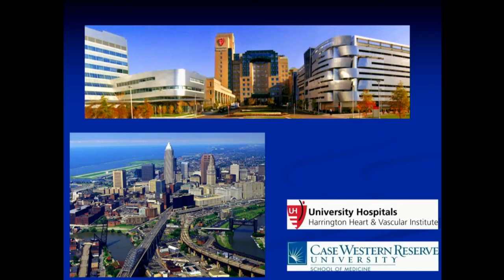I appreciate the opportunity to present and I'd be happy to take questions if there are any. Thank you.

_ _ _ _ _ _ _

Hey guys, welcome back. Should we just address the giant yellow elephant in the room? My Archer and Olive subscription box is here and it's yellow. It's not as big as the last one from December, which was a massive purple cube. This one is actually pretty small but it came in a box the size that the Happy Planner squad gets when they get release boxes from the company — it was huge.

_ _ _ _ _ _ _

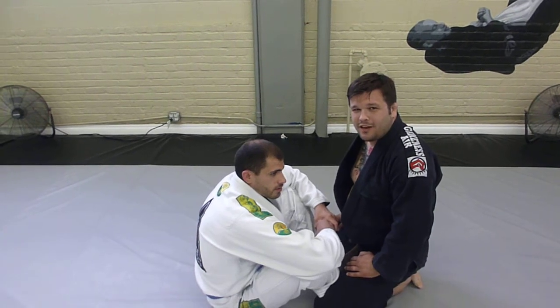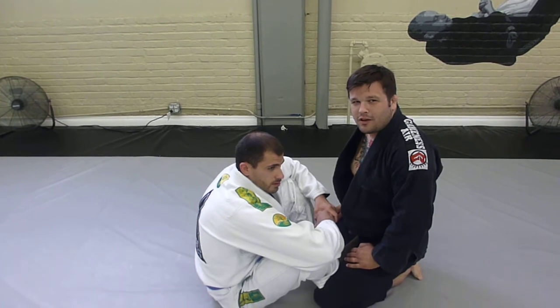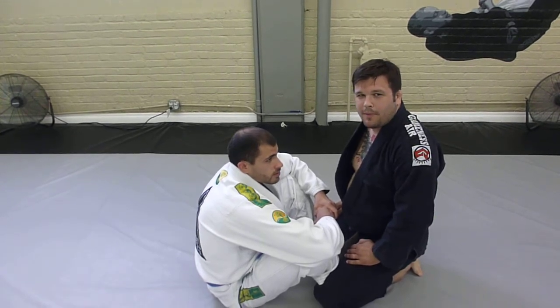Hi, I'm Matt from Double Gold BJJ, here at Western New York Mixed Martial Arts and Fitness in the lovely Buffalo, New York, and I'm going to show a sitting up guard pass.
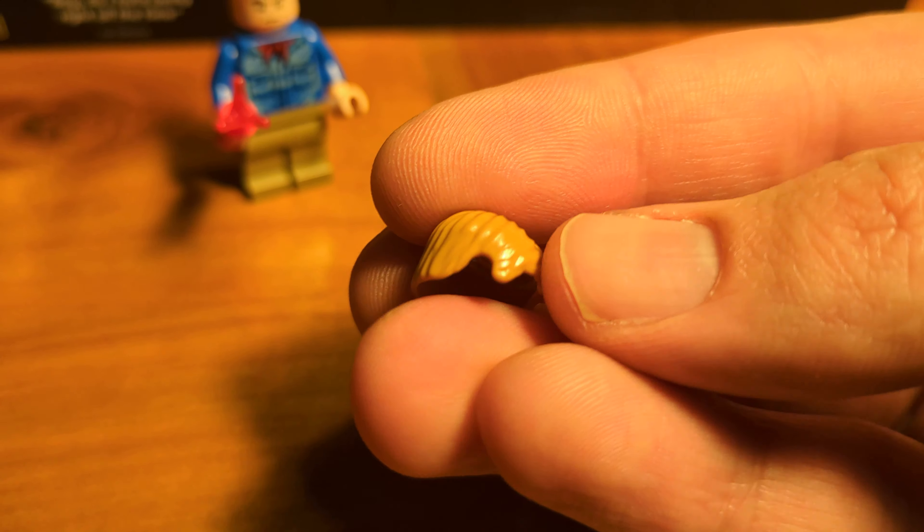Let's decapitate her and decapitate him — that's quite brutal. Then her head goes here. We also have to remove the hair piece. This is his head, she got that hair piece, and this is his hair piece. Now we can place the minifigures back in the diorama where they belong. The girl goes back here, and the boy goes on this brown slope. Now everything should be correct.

_ _ _ _ _ _ _

- ASSIGNED TASK:
Having found the line with "Hi, I'm Matt" and the line with "Let's decapitate her" in the material above, write out exactly those two and every line between, leaving the pictures out.

- TASK RESULT:
Hi, I'm Matt from Double Gold BJJ, here at Western New York Mixed Martial Arts and Fitness in the lovely Buffalo, New York, and I'm going to show a sitting up guard pass.
Let's decapitate her and decapitate him — that's quite brutal. Then her head goes here. We also have to remove the hair piece. This is his head, she got that hair piece, and this is his hair piece. Now we can place the minifigures back in the diorama where they belong. The girl goes back here, and the boy goes on this brown slope. Now everything should be correct.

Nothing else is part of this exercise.